____ RECORDS PROVIDED

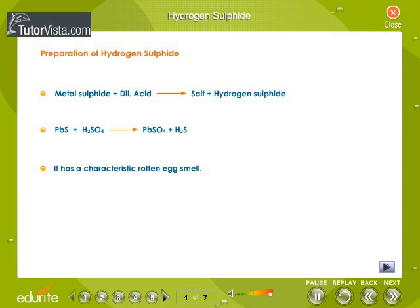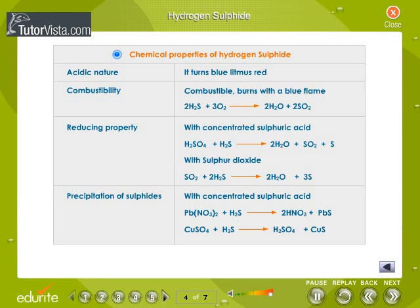Hydrogen sulfide is a gas with a characteristic rotten egg smell. Preparation of hydrogen sulfide: metal sulfide plus dilute acid gives salt plus hydrogen sulfide. PbS + H2SO4 gives PbSO4 + H2S. The chemical properties of hydrogen sulfide are shown here.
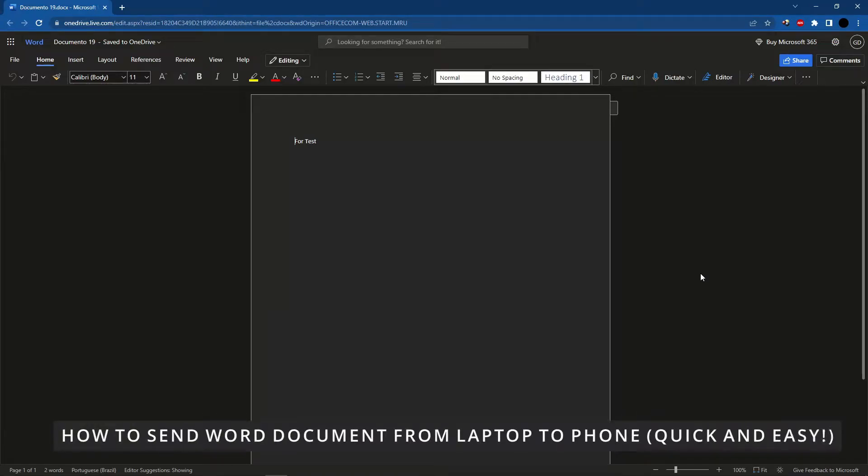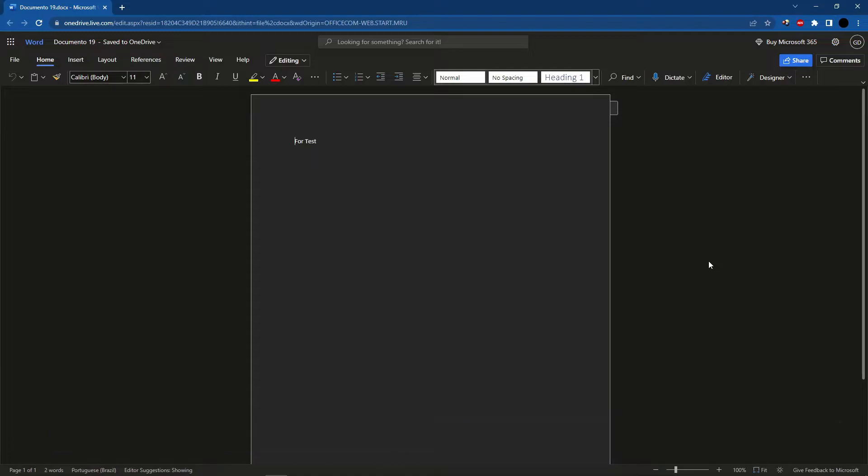Hello everybody, how's it going? Today I'm teaching you how to send a Word document from your laptop to your cell phone. The easiest and quickest way to do that is to save the Word document you want to send.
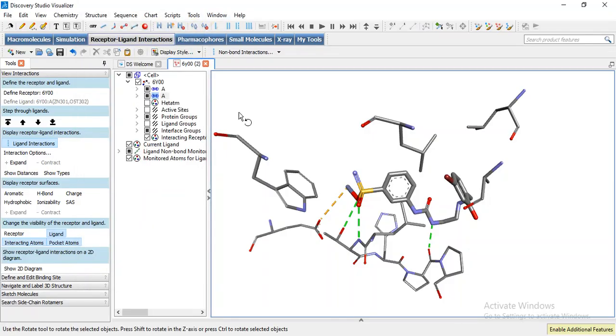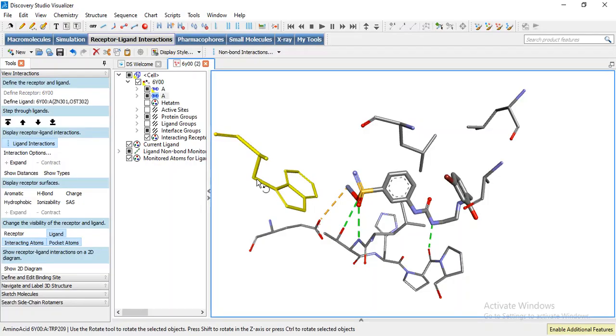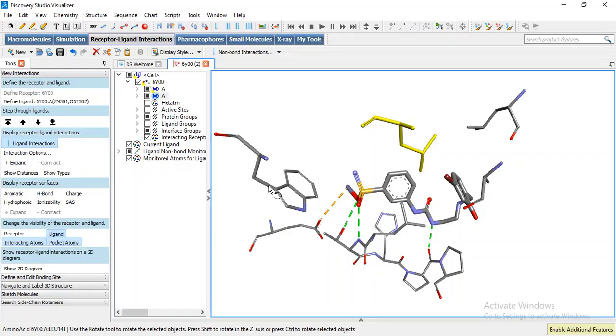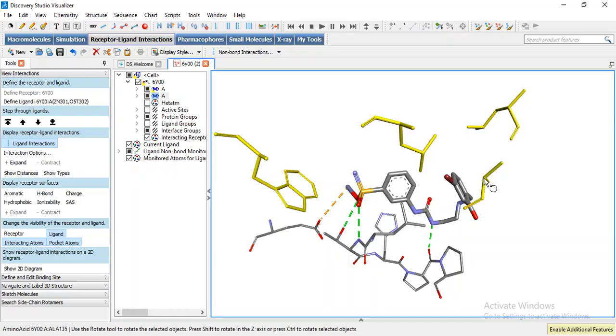Now we can select these residues by control double click. To select all these at a time control shift double click. We are not interested in these, so we can remove this.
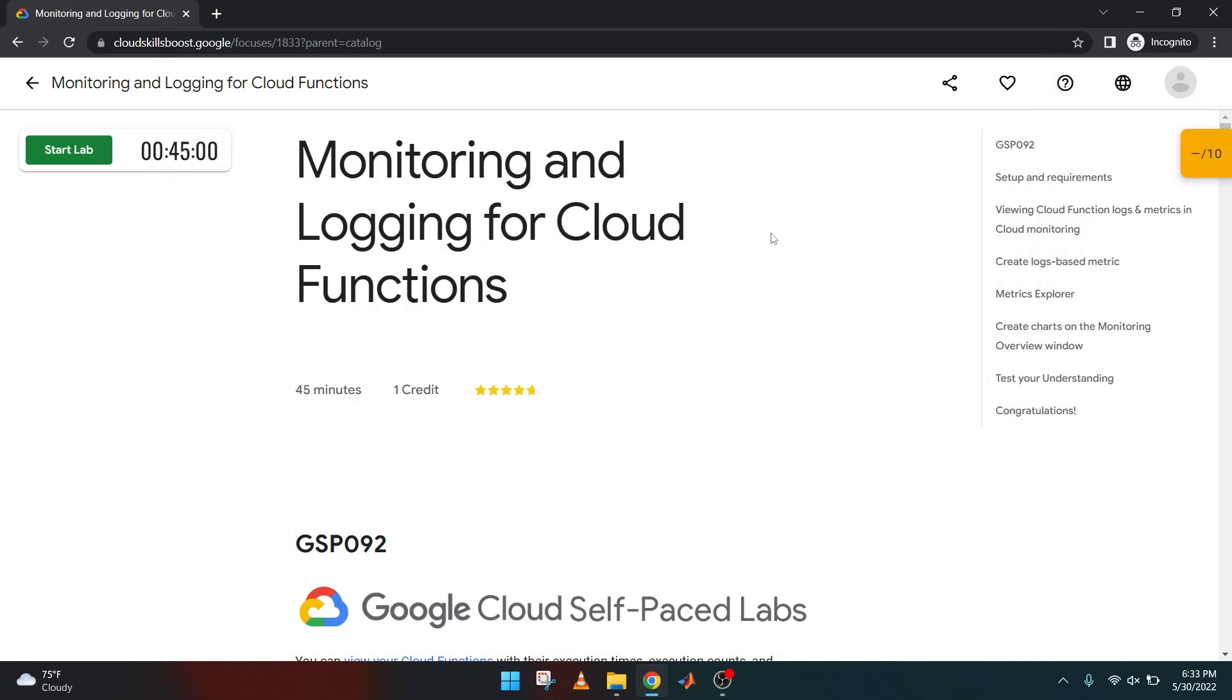Okay, so hey guys, welcome back to my channel once again. So let's start this third lab of Quest 10. Let's start it.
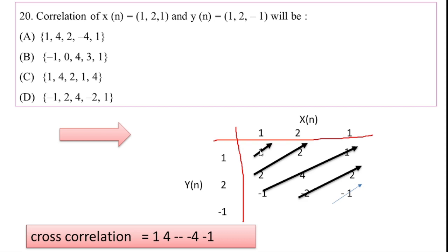After solving, the cross-correlation result is 1, 4, -4, -1. However, the answer key provided does not match properly. Thank you.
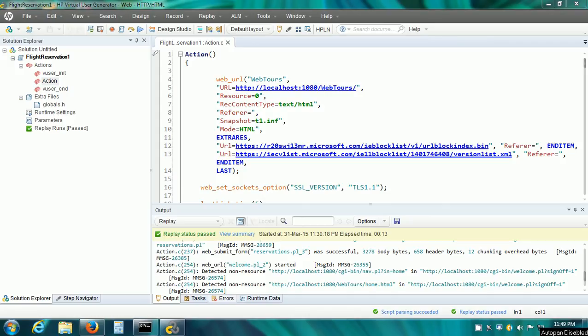Welcome to LoadRunner tutorial 5. In this video, we will understand one of the concepts to make our vuser script ready for load testing. This concept is called parameterization. It means instead of using a constant value in our vuser script, we can have a parameter. Different vusers would use different values in the load test.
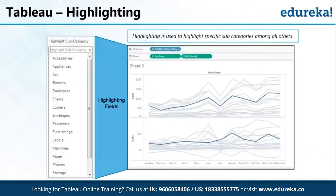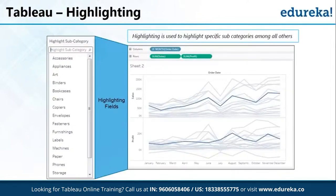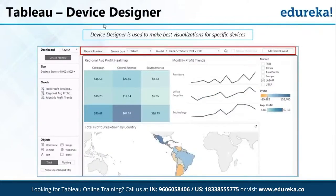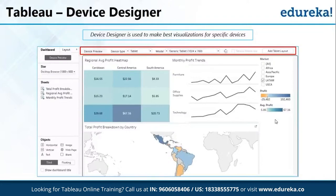If you want to highlight something — for example, a particular trend or the ones with the maximum amount of sales — you can highlight it with a particular color and blur out the other diagrams or visualizations. You can also design visuals for a particular device. If you want it on your mobile, you can select the device type — tablet or mobile phone — because the resolutions of different screens are different. Mobile screens are smaller than computers or tablets, so all the visualizations that you created in your dashboards might not fit properly. You can tweak the visualizations according to devices as well.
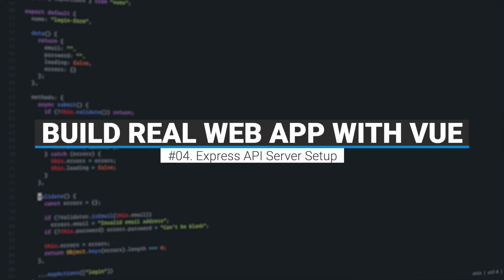Hi and welcome back. In this episode we'll set up a basic Express.js web server, so let's get started.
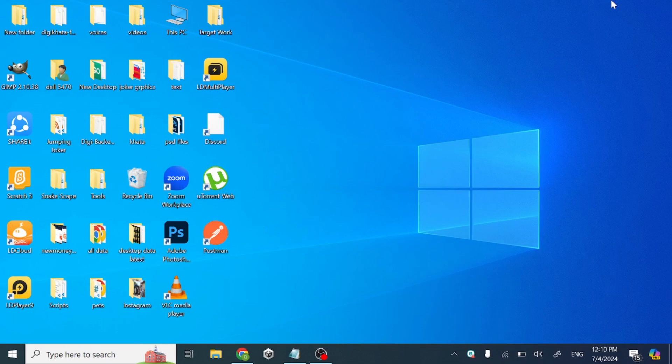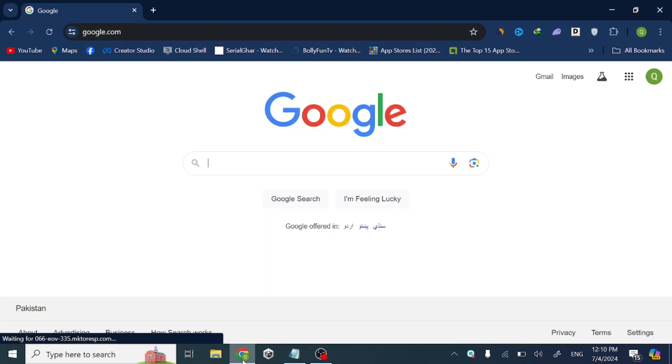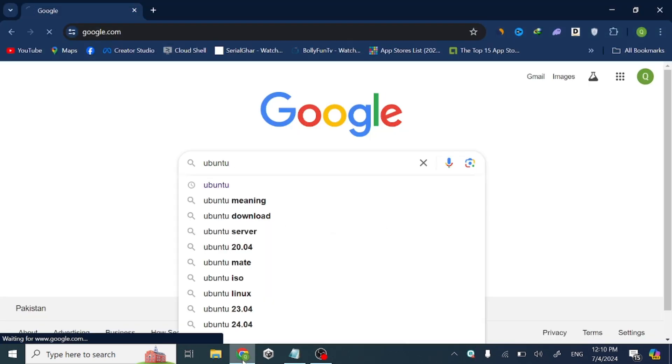Hello guys, in this video I will show you how to download and install Ubuntu on a laptop or PC on Windows. This video is in two parts: one is downloading and the next is installation of Ubuntu.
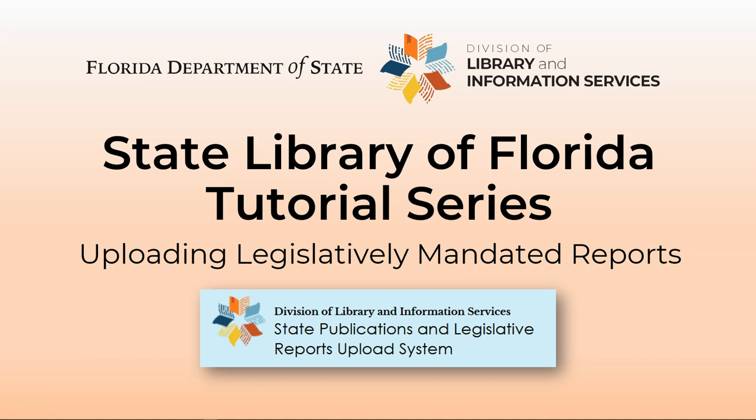Hello, and welcome to the State Library of Florida's tutorial on submitting reports using the State Publications and Legislative Reports upload system. This tool makes it quick and easy to get your agency's legislatively mandated reports into the State Library's collection.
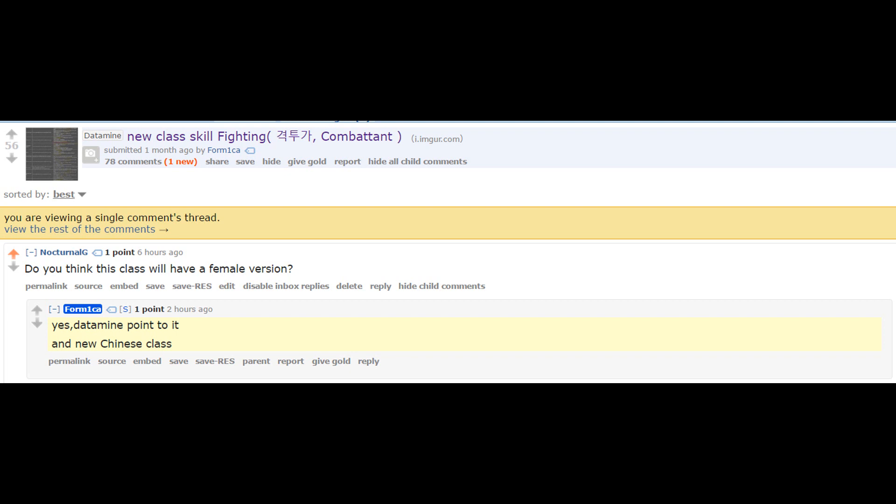The datamine points to it and also a new Chinese class. When he said the new Chinese class, he was most likely referring to the other class that was announced at the Oasis Festival a few months ago that seemed to have some kind of potentially Chinese roots or inspiration.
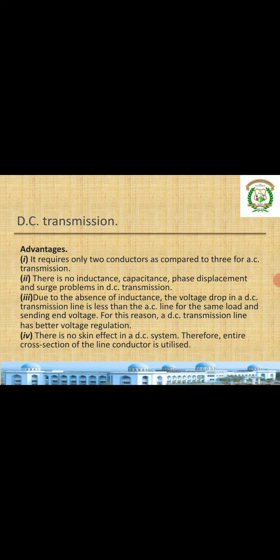Hello dear students, welcome to the Transmission and Distribution class. In the previous classes we saw how a typical transmission scheme works, starting from the generating station till the end user — the different classifications: generating station, primary transmission, secondary transmission, primary distribution, secondary distribution, and the different feeders.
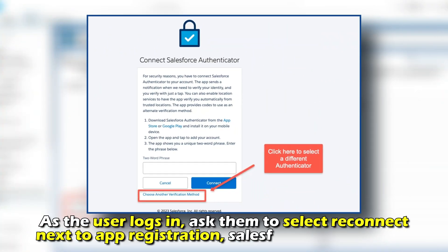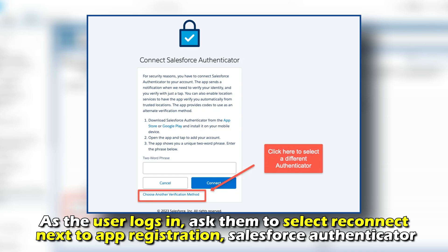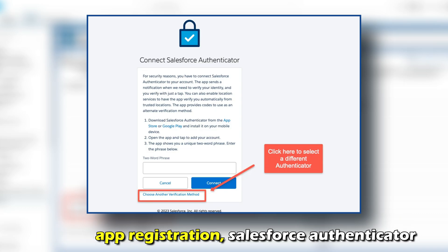As the user logs in, ask them to select Reconnect next to App Registration for the Salesforce Authenticator.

________

• BRIEF: Above are the records; please give again, exactly and in full, only the lines that run from the line with "Hello, and welcome" through the line with "The datamine points", with no pictures.

• FINISHED TASK:
Hello, and welcome to the State Library of Florida's tutorial on submitting reports using the State Publications and Legislative Reports upload system. This tool makes it quick and easy to get your agency's legislatively mandated reports into the State Library's collection.
The datamine points to it and also a new Chinese class. When he said the new Chinese class, he was most likely referring to the other class that was announced at the Oasis Festival a few months ago that seemed to have some kind of potentially Chinese roots or inspiration.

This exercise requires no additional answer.